A spokesman commenting on Roe v. Wade some time ago concluded that the high court decision eventually brought legality to “infanticide.” Specifically, partial-birth abortion is the most recent example of “infanticide” having taken legal root in our beloved nation!

What else is in store, given “Washington’s Pro-Life Reversals” (Feb. 15)?

    Thomas E. Dennelly

West Islip, New York

Future Football Fans

Even though “NBC Sacks Super Bowl Ad for Life” (Feb. 8), I say: Run the ad next year. Be not afraid. Without life there is no choice — and there is absolutely no hope.

If we as a nation fail to protect life in the womb, all issues debated at election time or all programs in place to aid the disadvantaged children and youth of our country are declared null and void.

The NFL has joined into a partnership with the United Way. Some who play professional football have founded charities for underprivileged children. This is all well and good. However, if life in the womb in not nurtured and protected, all endeavors are null and void.

The baby in the womb at this moment is either the football player of the future or the football fan who will eventually draw revenue for the franchise. Babies in the womb are the future of this country and the world.

William P. Murphy

Huntington Station, New York

Ad Criteria

Regarding “NBC Sacks Super Bowl Ad for Life” (Feb. 8),  I thought you might appreciate Raymond Arroyo’s (EWTN’s “The World Over”) “take” on NBC’s refusal to air the pro-life ad during the Super Bowl: Perhaps if someone had told NBC that the embryo was naked they would have reconsidered.

Bill Motzel

Ormond Beach, Florida

Focus of Attention

Openly criticizing Vice President Joe Biden for receiving Communion because he supports abortion is giving him exactly what he wants: attention (“Will Biden Persist on Communion? Feb. 1). Constantly reporting every time he receives unworthily gives him what he craves. Biden will get his reprimand when he faces God on Judgment Day.

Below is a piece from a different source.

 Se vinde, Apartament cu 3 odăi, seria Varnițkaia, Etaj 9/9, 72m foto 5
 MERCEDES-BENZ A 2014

Arguing about whether or not all the bishops agree or do not agree on refusing Biden holy Communion should not be the issue. The devil loves to see the bishops and Catholics disagreeing in public. The issue is: What is the Catholic Church’s teaching on abortion? Then all agree. End of discussion.

Marlene Zachman

Albertville, Minnesota

Support Catholic Schools

I am responding to former First lady Laura Bush’s acknowledgement of the subtle but positive effects of a Catholic school education (“Laura Bush on Catholic Schools,” Jan. 25). Five of us children were “disadvantaged students” who were blessed by this mission to educate. My father left the plantation, acquired his GED, and secured a trade to better his life. My mother also left plantation work and had up to a seventh-grade education. They wanted better for themselves and their children.

All five of us kids were sent to parochial school. We went to school with the governor’s and elected officials’ children. Some were personally chauffeured, and there were other “disadvantaged students” in the school, all being treated with an even hand from kindergarten through high school. Children from other denominations were also attending.

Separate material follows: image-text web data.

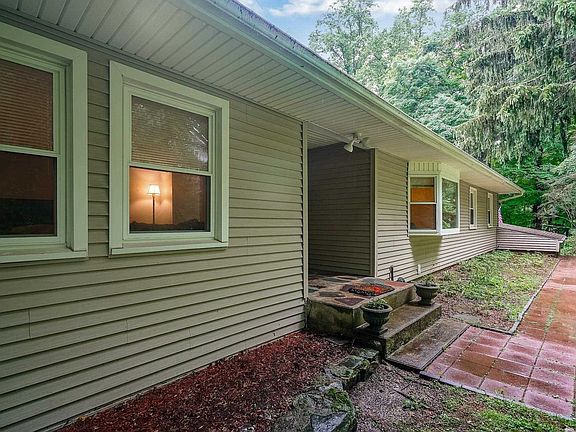 2nd image of 20 Saratoga Ct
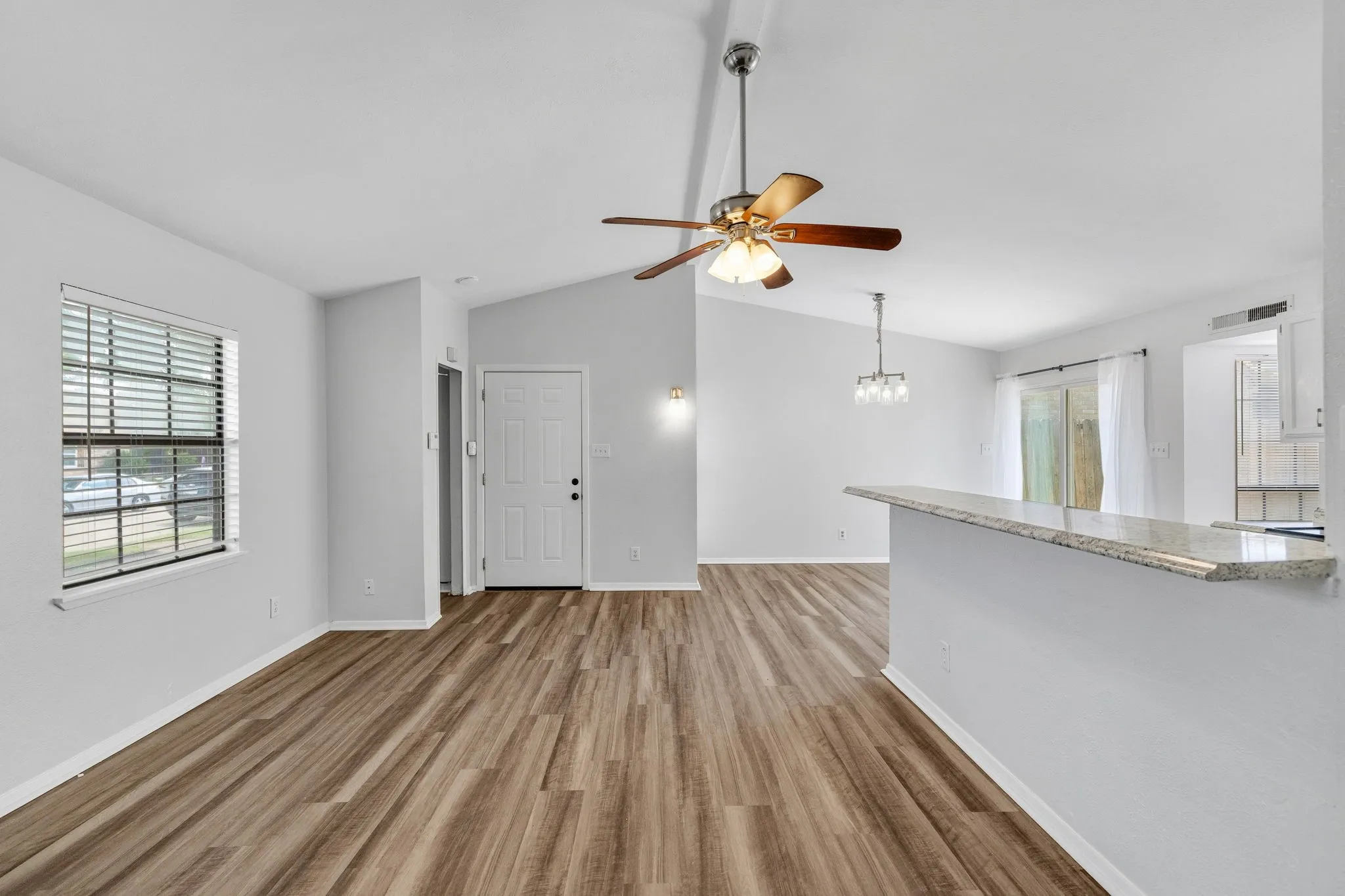 Single Family Residence For Sale in Denton County , 4627 Chapman Street, The Colony, Texas 75056, 2 Bedroom, 1 Bathroom, Garage spaces, 1,008 Sqft, built in 1983, mls#21293462, Real Estate Agent in The Colony, Homes For Sale in Denton county, Homes For Sale in The Colony, Realtor in The Colony Texas, Real Estate Brokerage Independent Realty Texas, Luminita Cordes Realtor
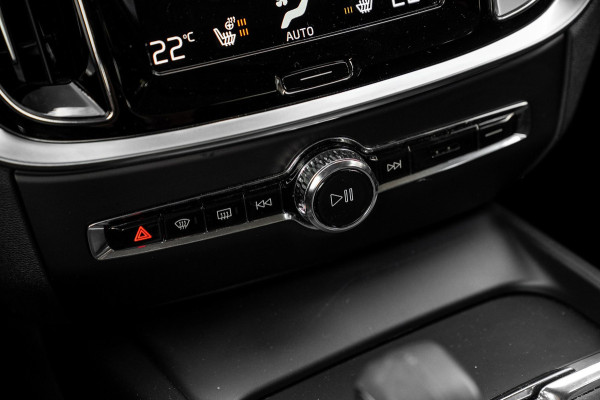 Volvo V60 2.0 B3 Momentum 163 PK 1e Eig Adaptive Stoel/stuurverw. Camera 20''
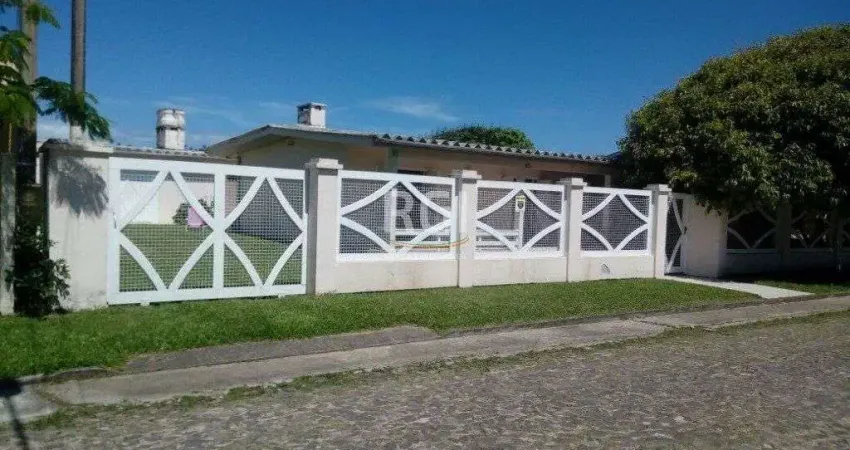 Casa 3 dormitórios à venda Atlântida Sul Xangri-Lá/RS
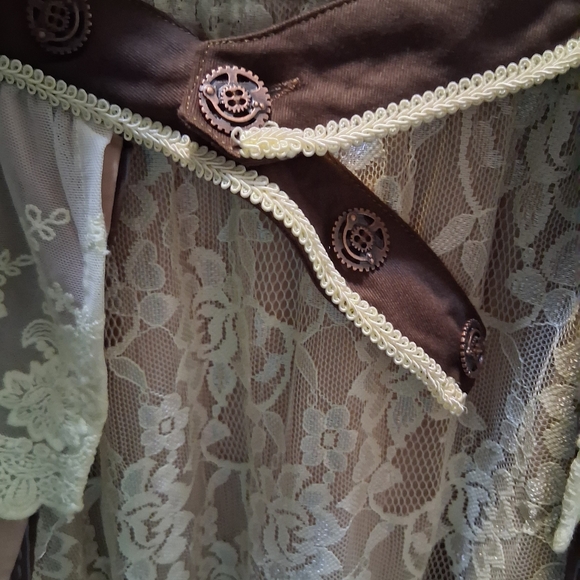 RQ BL- High-Low Lace Layered Skirt in Beige and Cream - Picture 11 of 15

Because of the mission of the Catholic education and the excellence and Catholic values instilled in us, my family benefited. The result is five college graduates. Four of us are professionals.  Two own their own businesses. Our children are college educated and early in their professions.

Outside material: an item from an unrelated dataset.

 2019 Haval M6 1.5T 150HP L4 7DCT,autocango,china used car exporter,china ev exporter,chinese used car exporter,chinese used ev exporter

Support traditional Catholic schools. They do make a difference in our society.

Richard L. Ribellia

Moses Lake, Washington

Cost of Catholic Schools

I finished reading “Assessing Catholic Schools” (Jan. 25) regarding the decline in enrollment Catholic schools are experiencing. I think I know why.

The Army is relocating us to the Washington, D.C., area this summer, and we were thrilled that we would be able to send our two elementary-aged children to Catholic school. In my wife’s 16-year Army career, we have never been stationed close enough to a Catholic school to be able to send our other children there.

Imagine my disappointment when I started to do some research online and found that it would cost us around $11,000 a year to do so. With two daughters starting college in the fall, you can see what choice we have to make. College is more important than elementary school.

On the one hand, the Church says we must be open to all the children God wants to bless us with (we have been blessed with 6), but on the other hand, they tell us: For the Church to educate our children, we have to be wealthy. That, my friends, is why Catholic school enrollments are declining.

Dan Clabaugh

Saint Robert, Missouri

States Can Help Schools

In response to “Assessing Catholic Schools” (Jan. 25), for far too long, parents who choose to send their children to Catholics schools, or indeed any religious or private school, have been cheated and robbed. They are being forced to pay taxes for schools they do not use. Due to ever increasing taxes, many of these people have been forced to take their children out of the schools they prefer, because they could no longer afford to send them there.

In Florida, where I live, the courts have paralyzed every effort to give the proponents of school choice a fair chance. They have ruled against tuition vouchers. The Florida Supreme Court prevented two proposed amendments involving school choice from going on the Nov. 2008 ballot so the people could decide.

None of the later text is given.